The mere thought of education planning used to
elicit yawns-a reaction, no doubt, to the thought of another $250
monthly investment limping along. But for advisors who work with the
wealthy these days, 529 plans have gotten a lot more interesting. Just
ask Frank Marzano, a New York-based advisor who just had a prominent
business owner plunk down $240,000-the full amount he and his wife can
contribute to the 529 plans they established for their two kids.
"The client had just sold his business for a
significant sum of money," says Marzano, whose firm GM Advisory Group
Inc., in Port Washington, N.Y., manages $200 million for clients. "When
you come into that kind of windfall, there are usually lots of things
on your mind-a vacation home, retirement. But before I could even begin
planning, he made it clear that first and foremost he wanted to fully
fund 529 plans for his kids."
Marzano isn't alone in seeing an uptick in very
serious parents and grandparents. A growing number of advisors we
talked to are starting to see wealthy clients make the decision to sock
away the full $60,000 per child the gift-tax exemption allows them to
put into a 529 plan. For a couple, that comes to $120,000 per child or
grandchild. That's a windfall for would-be students, care of the IRS,
that allows taxpayers to accelerate their annual gifting to 529 plans,
in effect contributing five years' worth of gifting in the first year.
An added perk? That money is off the books for
estate tax purposes. "We think this is making 529s a big-ticket item
and a great opportunity for advisors to integrate education savings
with financial planning and estate planning," says Tobias Henriksson,
product manager for education savings at Raymond James &
Associates. "You can say, 'Let's take the money off the books now so it
doesn't get included in your estate.' There is a great motivation to
not delay, but rather do this sooner than later," Henriksson says.
One reason for the IRS's generosity when it comes to
gifting for 529s is no doubt escalating college costs. Total costs for
a public school hit $12,800 for the 2006-2007 school year.
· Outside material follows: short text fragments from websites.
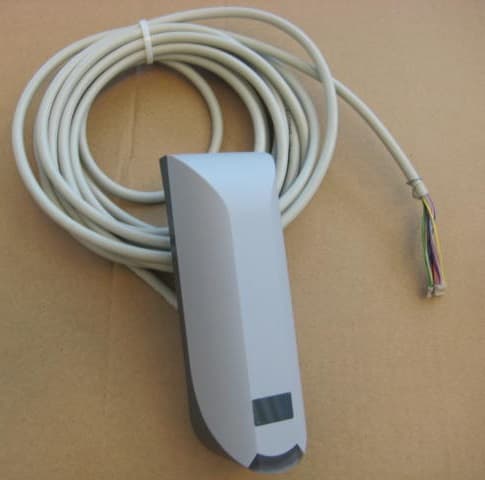 Reader for 120 kHz and 13.56 MHz cards and also NFC, QR and BT - FCC ID CGDNVR2001 - Nedap N. V.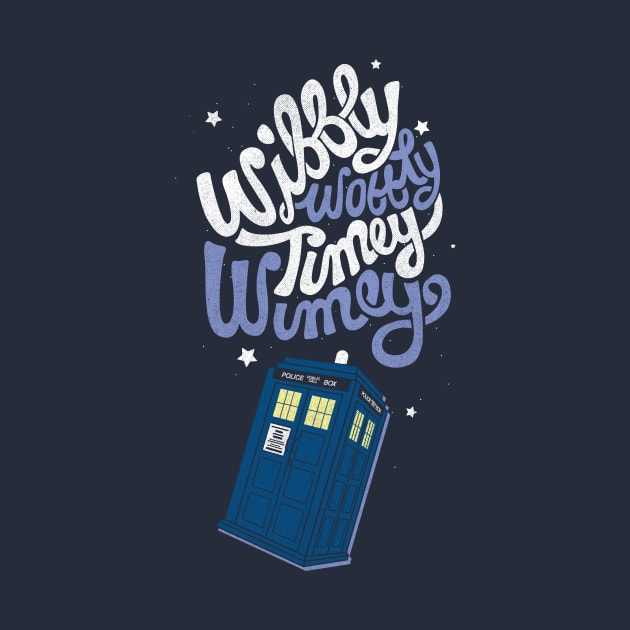 Wibbly Wobbly Timey Wimey by tdilport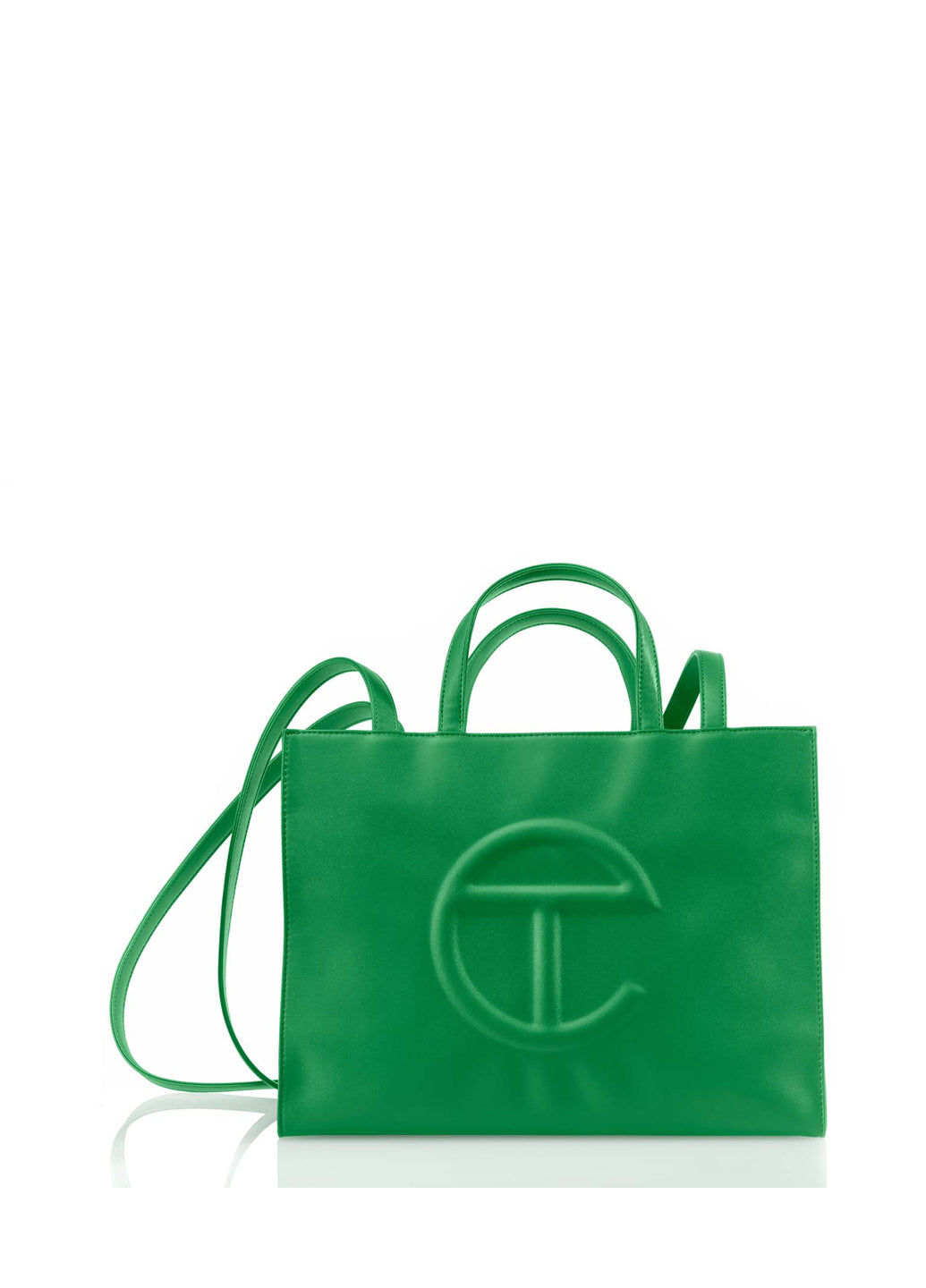 Telfar Medium Shopping Bag Greenscreen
That same
education at a private college cost $30,367. For a four year old,
private college 14 years from now will cost more than $250,000,
predicts the College Board. In fact, the group found that college
expenses have surged 35% in the past five years alone.
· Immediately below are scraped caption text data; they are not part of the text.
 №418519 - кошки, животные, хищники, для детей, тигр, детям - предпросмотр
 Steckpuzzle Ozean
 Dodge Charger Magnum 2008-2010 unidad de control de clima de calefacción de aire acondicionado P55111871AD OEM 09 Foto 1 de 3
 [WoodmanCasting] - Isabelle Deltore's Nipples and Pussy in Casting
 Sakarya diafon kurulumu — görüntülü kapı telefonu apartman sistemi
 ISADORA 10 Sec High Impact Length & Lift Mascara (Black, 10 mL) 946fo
Joe Hurley, president of savingforcollege.com, a
comprehensive Web site that allows users to compare benefits and costs
of all state plans, says there is currently $100 billion in 529 plans,
not counting each state's prepaid tuition plans. "We're seeing
substantial growth and it's been accelerating after the Pension
Protection Act made tax-free withdrawals for qualified education
expenses permanent last year," Hurley says.
Another reason for the generous contributions?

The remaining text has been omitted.